日本では、グローバル・サウスを勝手に非欧米諸国の連合体のように理解してしまいがちなので、中国やロシアとの関係で、グローバル・サウスを理解しようとしがちだ。だが少なくともインドが主導するグローバル・サウスの理解は、それではない。
グローバル・サウスの盟主の地位を争って中国とインドが主導権争いをするのではないか、といった話もよく見るが、意味不明である。グローバル・サウスに実体はない。それは組織体ではない。オンライン開催で会議を開いて意見共有を図る場だけを設定している「グローバル・サウスの声サミット」にしても、新しい国際組織の準備のようなものでは全くなく、インド政府にそのようなものを作る意図がある素振りも全くない。
個別的な地域や国に対して、中国とインドが影響力の競争関係を持つことは当然ある。バングラデシュ、スリランカ、モルディブなど南アジア諸国が典型例だが、より広範に、世界的規模での影響力の競争は始まっていると考えてよい。
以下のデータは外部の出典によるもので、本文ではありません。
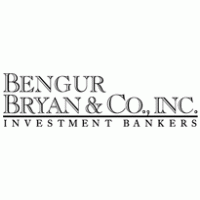 Bengur Bryan logo vector logo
だがそれは「グローバル・サウスの盟主」といった架空の疑似組織体の長のような地位を想像して描写する状況とは、全く異なる。グローバル・サウスは、いわば思想的な結びつきであり、実体を持っていない。
第二に、インド主導の「グローバル・サウスの声サミット」のイニシアチブを、G7とBRICSが対峙する構図に当てはめて理解しようとする傾向も、間違いだ。インドがやっているのは、BRICS強化の試みではない。
「グローバル・サウスの声サミット」参加国リストをよく見てみるべきだ。もともとのBRICSの5カ国から参加しているのは、主催国のインドだけだ。ロシアや中国だけではない。ブラジルや南アフリカも、参加していない。